Entries provided
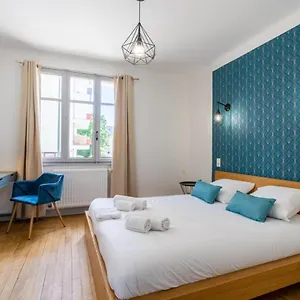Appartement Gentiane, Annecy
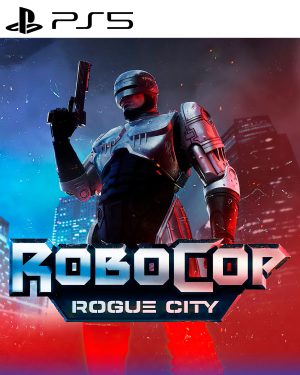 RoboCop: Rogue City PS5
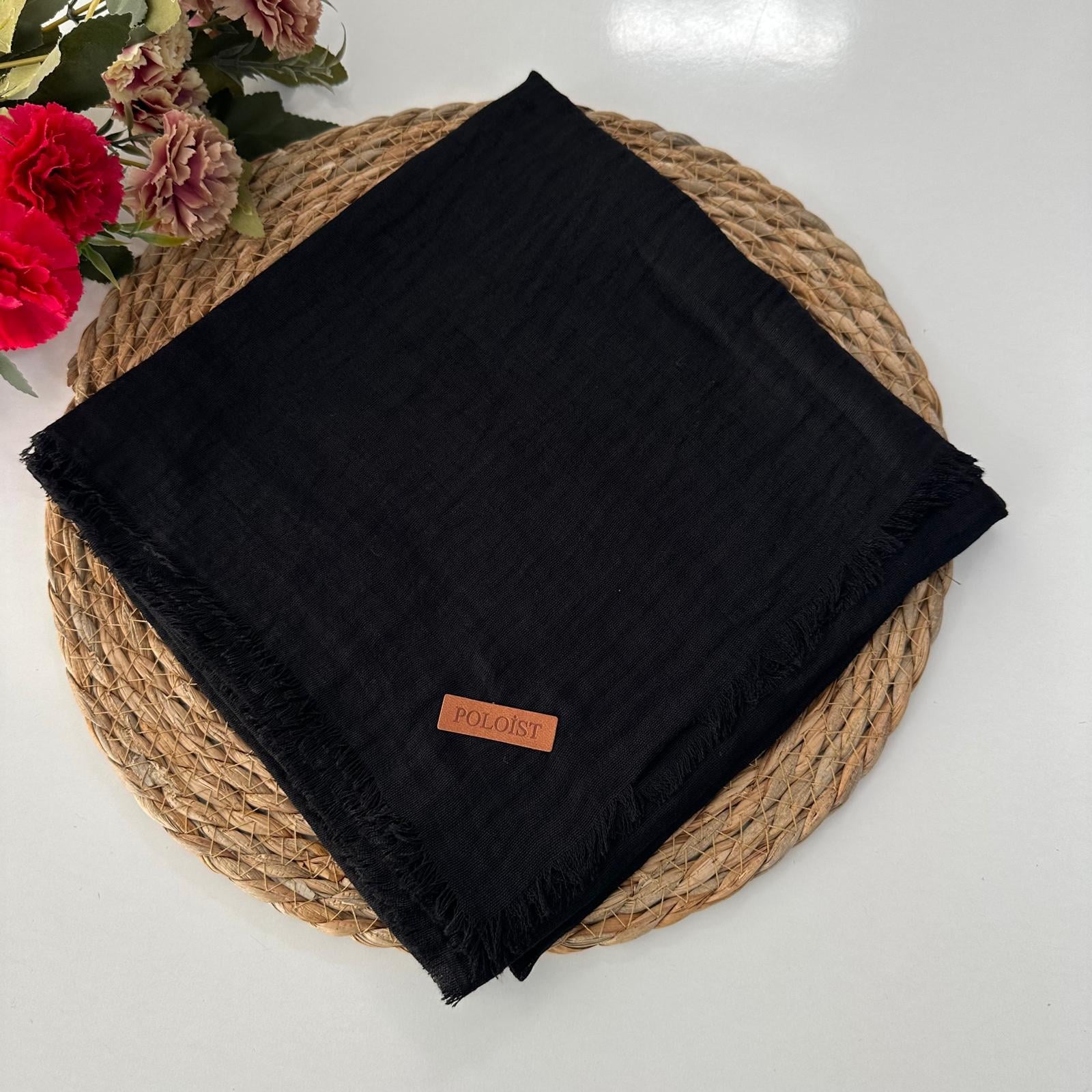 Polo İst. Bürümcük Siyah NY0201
---
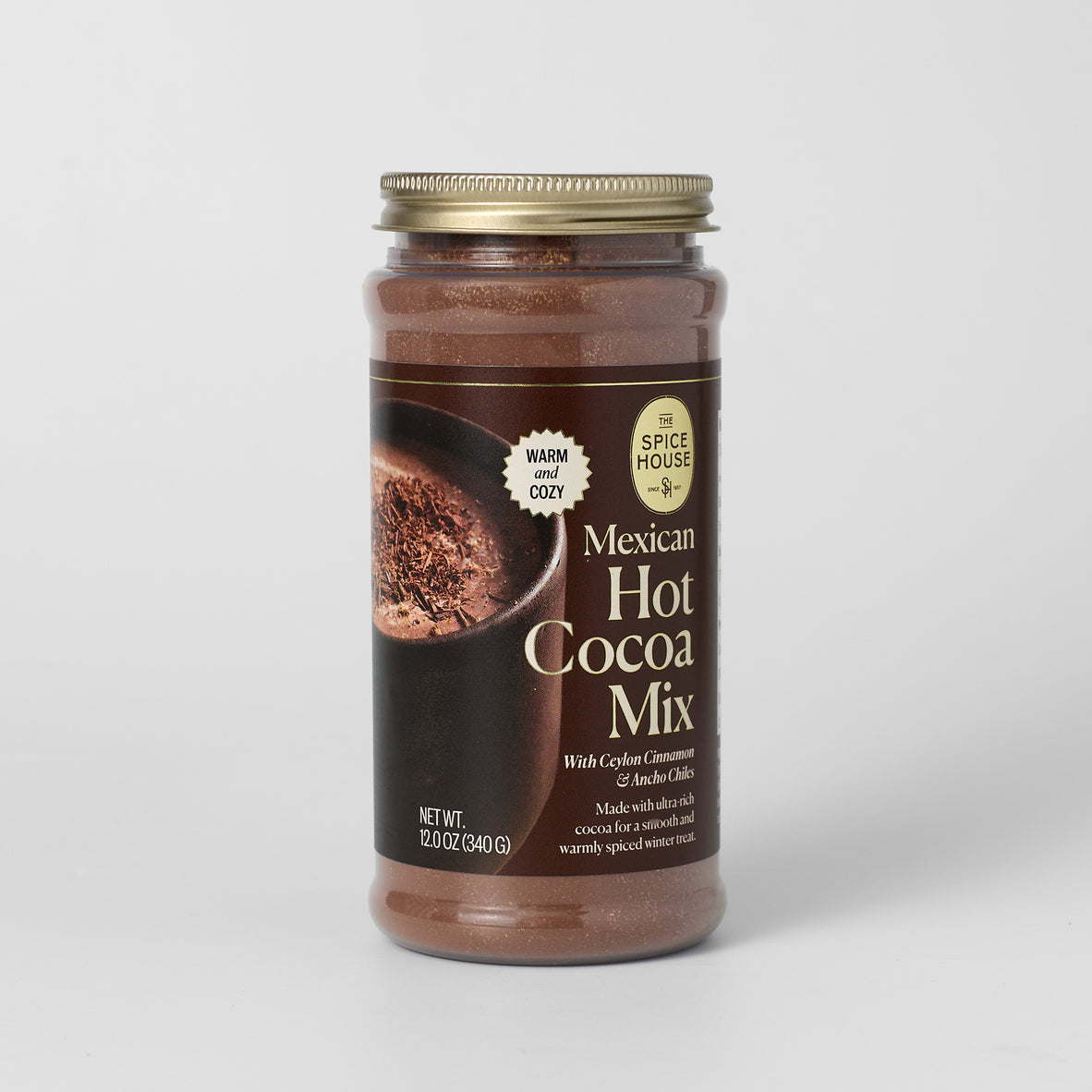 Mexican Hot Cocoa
--
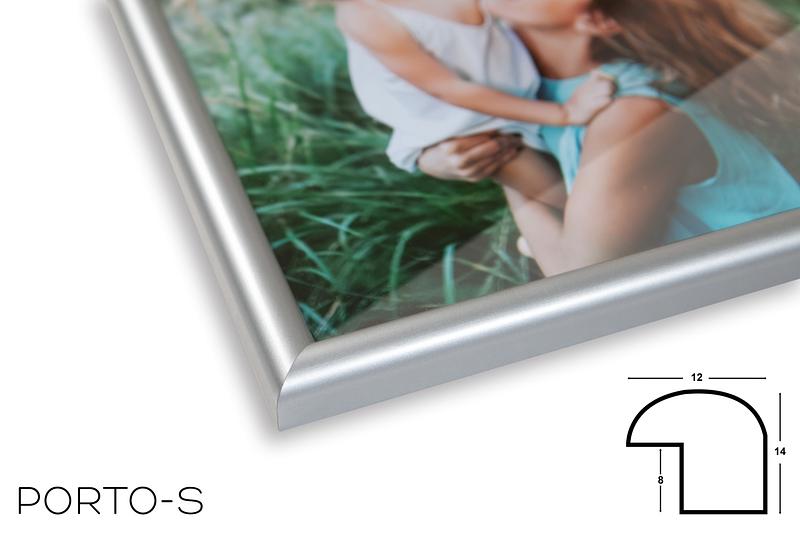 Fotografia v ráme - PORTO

Aim of the exercise
For the material above, give again only the lines starting at the line that contains "RoboCop: Rogue City PS5" and ending at the line that contains "Polo İst. Bürümcük Siyah NY0201". Pictures do not belong in the copy.

Finished task
 RoboCop: Rogue City PS5
 Polo İst. Bürümcük Siyah NY0201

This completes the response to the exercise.